I am feeling very confused. I am furious at him for the betrayal but I find myself more upset with who he cheated on me with rather than the cheating itself. He is adamant that he does not know why he does this and he is not emotionally attracted to men but tells me that something takes hold of him when he is chatting online and in the end it doesn't matter if its a man or a women or someone in between. I have a very hard time believing in bisexualty, I think there is always a preference, but I don't know what to believe. Why would he want to be with men, women, crossdressers, transexuals, post ops? I just don't understand. I want to understand.

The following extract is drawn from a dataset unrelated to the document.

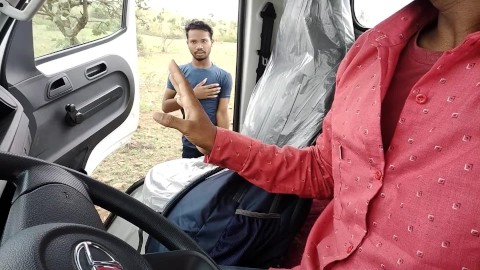 The college boy sitting in the car towards the forest goes down to the pit to use the bathroom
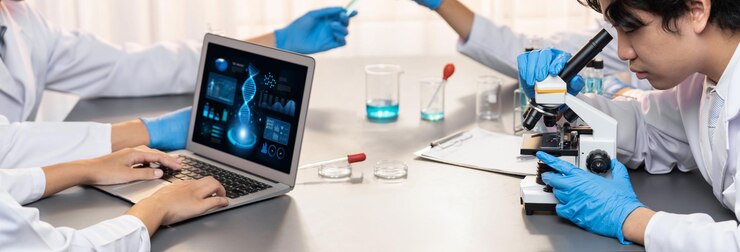 Foto grupo de científicos dedicados que trabajan en software informático de biotecnología avanzada para estudiar o analizar datos de adn después de hacer un avance científico a partir de un experimento químico en un laboratorio médico neotérico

I also find myself asking why I didn't see it? How could I have missed the signs when I caught them so easily the first time. I know now that I should have ended it with him the first time but even now after he has hurt me terribly I find myself so worried about him. What he is doing is so dangerous and I am even more concerned that he continued to have unprotected sex with me while he was doing this? I also find myself wanting to help him. This seems so wrong. I should be angry and hating him and yet I just want to find out why he did this and whats wrong with me that I stayed and didn't see it a second time? He says he loves me, always has, but I don't know if I believe if anything was real. Was it? I'm so confused. Please help. I feel like I'm drowning in emotions. Has anyone been through this ?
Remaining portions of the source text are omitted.